Anger sparks at this, and I’m powerless to stop the words spilling out of my mouth. “Your grandson. Remi is your grandson.” Even though admitting it out loud feels wrong.
My man is a monster, but he is not a demon like the man whose blood runs through his veins.
Duke is pure evil.
He huffs in displeasure. “I hated him the minute she told me she was pregnant. By the time I found out, it was too late to abort, so she had to give birth to it.” I bite my lip at him calling Remi an it. What an asshole. “I figured I could hide her in this house till the dust settled. Everyone thought she was in Switzerland anyway.”
“But she wanted to keep the baby,” I say. He nods, tapping hard on the ground until the tip of the cane digs into it and makes a hole. “You didn’t want Remi.”
“She was fifteen and confused. She didn’t need the baby to give her a bad reputation. No one needed it. Even Keith’s family preferred I get rid of it.”
Awful, awful people who didn’t deserve to have Remi in their lives anyway.
However, my heart aches for his mother who was deceived by everyone and didn’t get to spend time with her child.
“So that’s what you did.”
I press my hand to my cheek as he paces once again, continuing his tale. “Of course. After the birth, I gave her a few hours to enjoy her time with him and that night did what was right.”
“Ordered him killed.”
He shrugs. “I couldn’t kill him myself. I love my daughter.”
I chuckle, which doesn’t go unnoticed by him. “You have a weird way of showing it to her.” His brows furrow, and then annoyance flashes on his face.

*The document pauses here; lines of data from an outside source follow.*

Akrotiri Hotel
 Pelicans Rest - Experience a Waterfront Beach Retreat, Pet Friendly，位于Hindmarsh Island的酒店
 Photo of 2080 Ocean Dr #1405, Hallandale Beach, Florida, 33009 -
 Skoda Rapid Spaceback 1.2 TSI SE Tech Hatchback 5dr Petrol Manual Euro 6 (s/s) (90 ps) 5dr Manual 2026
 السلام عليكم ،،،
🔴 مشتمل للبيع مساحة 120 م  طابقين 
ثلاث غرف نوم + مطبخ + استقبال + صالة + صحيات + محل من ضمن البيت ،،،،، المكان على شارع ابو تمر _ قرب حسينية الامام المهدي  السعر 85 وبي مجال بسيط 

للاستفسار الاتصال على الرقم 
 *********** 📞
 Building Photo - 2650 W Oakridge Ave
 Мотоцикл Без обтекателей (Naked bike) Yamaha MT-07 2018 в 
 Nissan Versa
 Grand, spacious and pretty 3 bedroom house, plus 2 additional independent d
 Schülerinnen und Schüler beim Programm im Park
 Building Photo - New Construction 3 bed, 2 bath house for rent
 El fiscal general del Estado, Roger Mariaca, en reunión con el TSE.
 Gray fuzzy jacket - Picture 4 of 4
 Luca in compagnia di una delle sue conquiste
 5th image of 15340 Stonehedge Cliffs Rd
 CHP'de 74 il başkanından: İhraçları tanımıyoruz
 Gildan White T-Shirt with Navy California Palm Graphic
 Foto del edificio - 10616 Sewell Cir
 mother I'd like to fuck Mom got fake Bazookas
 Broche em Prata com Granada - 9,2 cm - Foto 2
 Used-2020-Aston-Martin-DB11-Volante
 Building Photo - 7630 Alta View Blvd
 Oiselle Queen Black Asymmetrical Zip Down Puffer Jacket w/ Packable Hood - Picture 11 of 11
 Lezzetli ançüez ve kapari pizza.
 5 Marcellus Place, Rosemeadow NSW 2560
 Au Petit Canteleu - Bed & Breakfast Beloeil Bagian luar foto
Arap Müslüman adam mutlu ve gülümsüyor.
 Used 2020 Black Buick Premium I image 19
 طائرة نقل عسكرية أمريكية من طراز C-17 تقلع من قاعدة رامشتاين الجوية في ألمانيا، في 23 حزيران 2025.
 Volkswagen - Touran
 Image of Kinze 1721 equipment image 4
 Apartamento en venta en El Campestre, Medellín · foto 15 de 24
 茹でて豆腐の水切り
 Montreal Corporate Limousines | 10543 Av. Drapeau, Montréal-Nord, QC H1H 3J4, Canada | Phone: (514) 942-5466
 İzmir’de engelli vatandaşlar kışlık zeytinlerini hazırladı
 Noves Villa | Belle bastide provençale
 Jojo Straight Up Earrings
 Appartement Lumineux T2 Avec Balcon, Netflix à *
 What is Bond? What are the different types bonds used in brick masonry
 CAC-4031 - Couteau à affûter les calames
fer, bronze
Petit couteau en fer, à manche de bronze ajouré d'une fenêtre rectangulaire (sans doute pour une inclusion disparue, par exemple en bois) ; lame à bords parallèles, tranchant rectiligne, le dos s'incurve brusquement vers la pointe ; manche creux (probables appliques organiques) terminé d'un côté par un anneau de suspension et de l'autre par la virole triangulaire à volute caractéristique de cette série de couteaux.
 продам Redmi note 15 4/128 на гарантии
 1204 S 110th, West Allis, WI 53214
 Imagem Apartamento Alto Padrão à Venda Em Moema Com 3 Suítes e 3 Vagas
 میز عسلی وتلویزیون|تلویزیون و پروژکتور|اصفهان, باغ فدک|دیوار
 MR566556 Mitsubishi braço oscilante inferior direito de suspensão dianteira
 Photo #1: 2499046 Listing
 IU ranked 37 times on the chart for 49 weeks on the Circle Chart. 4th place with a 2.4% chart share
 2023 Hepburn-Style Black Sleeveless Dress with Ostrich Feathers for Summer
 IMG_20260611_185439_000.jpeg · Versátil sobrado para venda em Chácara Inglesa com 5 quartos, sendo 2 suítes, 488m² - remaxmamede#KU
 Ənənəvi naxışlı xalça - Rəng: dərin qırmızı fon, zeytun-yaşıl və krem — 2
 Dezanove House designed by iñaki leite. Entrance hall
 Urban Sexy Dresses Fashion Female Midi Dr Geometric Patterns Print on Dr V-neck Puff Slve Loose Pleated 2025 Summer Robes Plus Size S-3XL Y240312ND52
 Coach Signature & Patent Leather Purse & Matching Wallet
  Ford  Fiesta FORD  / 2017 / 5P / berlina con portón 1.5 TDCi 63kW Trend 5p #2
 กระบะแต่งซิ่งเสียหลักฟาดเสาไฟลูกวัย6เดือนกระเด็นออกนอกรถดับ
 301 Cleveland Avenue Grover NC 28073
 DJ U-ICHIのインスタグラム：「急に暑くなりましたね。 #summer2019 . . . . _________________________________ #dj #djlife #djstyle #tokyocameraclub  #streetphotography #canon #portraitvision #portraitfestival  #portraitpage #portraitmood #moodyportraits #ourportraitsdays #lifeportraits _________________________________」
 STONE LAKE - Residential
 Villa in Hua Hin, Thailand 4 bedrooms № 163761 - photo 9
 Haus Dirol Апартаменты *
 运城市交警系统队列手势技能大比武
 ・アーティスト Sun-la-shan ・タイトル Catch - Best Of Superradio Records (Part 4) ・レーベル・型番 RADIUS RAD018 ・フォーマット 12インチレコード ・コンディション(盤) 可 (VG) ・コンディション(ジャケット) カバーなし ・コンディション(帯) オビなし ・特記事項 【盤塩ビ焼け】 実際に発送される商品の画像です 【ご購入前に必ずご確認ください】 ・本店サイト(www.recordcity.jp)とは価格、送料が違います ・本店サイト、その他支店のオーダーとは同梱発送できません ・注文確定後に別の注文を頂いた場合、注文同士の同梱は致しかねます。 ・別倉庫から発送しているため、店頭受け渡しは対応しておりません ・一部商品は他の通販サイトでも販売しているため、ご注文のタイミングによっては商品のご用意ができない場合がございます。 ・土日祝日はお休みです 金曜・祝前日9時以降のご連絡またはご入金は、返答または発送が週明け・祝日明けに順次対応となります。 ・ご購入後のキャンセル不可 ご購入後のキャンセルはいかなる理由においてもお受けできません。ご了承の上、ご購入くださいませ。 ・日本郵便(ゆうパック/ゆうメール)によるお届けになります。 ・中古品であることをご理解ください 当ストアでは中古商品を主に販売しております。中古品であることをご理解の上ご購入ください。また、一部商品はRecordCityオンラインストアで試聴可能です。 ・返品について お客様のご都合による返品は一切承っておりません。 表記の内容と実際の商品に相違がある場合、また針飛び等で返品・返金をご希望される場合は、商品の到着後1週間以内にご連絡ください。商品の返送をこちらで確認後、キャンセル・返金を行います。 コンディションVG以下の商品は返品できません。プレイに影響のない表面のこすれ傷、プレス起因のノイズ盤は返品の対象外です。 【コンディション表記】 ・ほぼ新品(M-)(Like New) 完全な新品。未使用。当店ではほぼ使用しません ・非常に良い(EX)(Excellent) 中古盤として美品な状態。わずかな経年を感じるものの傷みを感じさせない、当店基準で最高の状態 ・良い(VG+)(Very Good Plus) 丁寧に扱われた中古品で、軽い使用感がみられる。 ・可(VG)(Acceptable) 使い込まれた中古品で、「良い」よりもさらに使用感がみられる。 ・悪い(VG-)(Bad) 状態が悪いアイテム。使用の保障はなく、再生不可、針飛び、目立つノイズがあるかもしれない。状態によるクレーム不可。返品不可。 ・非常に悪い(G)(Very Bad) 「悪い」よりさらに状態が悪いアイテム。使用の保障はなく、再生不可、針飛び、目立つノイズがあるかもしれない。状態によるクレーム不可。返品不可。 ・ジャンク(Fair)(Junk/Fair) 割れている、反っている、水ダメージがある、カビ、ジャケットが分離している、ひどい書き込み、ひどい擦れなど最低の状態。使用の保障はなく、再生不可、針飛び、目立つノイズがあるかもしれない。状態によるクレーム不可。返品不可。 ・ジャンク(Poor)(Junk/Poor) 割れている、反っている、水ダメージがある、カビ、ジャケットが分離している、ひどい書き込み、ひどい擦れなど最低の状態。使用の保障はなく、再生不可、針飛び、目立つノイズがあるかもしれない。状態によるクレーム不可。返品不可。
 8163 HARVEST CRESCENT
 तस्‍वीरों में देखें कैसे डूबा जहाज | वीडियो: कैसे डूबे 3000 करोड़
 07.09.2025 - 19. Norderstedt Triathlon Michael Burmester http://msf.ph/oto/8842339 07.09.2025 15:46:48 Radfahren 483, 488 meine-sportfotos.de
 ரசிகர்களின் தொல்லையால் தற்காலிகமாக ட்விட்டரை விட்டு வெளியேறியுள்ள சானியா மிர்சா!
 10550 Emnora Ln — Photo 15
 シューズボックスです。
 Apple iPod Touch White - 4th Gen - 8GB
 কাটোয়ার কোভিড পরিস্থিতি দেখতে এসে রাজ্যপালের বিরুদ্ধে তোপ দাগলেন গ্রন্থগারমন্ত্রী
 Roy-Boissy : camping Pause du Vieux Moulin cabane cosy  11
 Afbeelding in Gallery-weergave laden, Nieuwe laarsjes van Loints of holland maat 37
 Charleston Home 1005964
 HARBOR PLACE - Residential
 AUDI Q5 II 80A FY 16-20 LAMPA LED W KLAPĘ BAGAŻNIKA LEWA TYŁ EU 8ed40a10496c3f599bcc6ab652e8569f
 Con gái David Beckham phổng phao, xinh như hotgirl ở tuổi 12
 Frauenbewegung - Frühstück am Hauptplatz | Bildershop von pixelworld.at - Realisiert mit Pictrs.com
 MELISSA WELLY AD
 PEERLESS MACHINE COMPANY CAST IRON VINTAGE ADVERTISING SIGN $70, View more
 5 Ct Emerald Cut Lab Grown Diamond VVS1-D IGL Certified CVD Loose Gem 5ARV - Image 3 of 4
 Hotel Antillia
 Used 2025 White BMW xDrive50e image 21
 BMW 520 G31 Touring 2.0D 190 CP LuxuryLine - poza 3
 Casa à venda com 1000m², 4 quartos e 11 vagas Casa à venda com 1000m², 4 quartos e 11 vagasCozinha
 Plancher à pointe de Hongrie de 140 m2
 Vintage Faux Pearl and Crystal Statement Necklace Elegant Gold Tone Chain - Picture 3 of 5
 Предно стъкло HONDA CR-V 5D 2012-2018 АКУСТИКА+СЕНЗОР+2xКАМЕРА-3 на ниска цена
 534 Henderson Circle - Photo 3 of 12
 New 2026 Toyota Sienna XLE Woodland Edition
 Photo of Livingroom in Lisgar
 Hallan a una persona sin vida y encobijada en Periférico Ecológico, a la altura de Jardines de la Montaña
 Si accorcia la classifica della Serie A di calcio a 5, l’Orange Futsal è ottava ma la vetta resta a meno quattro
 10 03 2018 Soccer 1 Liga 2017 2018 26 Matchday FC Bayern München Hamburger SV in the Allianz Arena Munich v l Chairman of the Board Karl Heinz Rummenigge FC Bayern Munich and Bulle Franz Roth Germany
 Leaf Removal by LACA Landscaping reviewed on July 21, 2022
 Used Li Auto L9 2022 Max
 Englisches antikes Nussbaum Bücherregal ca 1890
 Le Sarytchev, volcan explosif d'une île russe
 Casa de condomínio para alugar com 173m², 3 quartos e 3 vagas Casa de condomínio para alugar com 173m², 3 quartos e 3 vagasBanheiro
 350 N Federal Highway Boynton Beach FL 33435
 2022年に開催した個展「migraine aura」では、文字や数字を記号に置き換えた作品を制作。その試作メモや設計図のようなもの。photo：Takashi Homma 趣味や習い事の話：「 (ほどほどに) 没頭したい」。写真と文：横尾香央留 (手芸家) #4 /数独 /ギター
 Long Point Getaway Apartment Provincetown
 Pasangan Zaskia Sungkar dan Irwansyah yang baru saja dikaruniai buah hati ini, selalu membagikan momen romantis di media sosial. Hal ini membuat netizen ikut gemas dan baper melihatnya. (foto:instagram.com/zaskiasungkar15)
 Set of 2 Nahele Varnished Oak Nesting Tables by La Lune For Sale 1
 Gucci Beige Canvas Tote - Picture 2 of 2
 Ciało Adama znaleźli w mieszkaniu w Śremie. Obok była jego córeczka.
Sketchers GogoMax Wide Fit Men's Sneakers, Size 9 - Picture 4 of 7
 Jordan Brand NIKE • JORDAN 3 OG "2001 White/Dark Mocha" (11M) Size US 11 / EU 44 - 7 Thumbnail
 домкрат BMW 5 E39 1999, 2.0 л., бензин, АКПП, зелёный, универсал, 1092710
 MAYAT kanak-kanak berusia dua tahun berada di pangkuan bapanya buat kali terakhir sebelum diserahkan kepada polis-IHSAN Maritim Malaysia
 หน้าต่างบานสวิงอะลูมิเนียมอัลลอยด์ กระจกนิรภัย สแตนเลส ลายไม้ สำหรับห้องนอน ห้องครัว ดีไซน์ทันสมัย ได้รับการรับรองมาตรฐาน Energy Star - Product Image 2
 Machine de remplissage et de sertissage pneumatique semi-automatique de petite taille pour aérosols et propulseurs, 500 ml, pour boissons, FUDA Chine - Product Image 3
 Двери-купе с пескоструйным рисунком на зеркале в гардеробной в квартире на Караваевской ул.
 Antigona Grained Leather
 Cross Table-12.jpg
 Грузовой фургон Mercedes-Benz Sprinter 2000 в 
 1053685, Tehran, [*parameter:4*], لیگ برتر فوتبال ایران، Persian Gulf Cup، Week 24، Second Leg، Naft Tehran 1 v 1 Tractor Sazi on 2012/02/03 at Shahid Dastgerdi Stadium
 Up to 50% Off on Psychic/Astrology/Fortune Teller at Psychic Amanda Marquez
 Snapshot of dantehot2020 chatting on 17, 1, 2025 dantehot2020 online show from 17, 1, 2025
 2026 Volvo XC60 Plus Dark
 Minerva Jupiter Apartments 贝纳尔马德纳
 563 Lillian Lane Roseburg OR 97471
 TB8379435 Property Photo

He doesn’t appreciate my humor, and I see the error of my ways when another hit lands on my back, the pain sending me forward while my entire spine hurts.
“Don’t talk about what you don’t know,” he demands, then walks around me again, telling his story as if I really care what led him to his choices.
No matter how he wants to justify his actions, he can’t.
A parent who loves his child would never do what he did to Sofia.
“She cried, drowned in her grief so much she lost her spark and never gained it back.” I see him circling something with the cane as he looks on the horizon. “In time, she went back to functioning, but she just existed. She did what I asked of her as long as I let her stay in this damned house. Even married the perfect man, but he couldn’t stand her grief.”
I imagine no one could, least of all her father.
After such a tremendous loss, his daughter needed therapy, company, so she wouldn’t feel so alone in what she experienced. Instead, he essentially ordered her to shut up about her pain and live as if it never happened.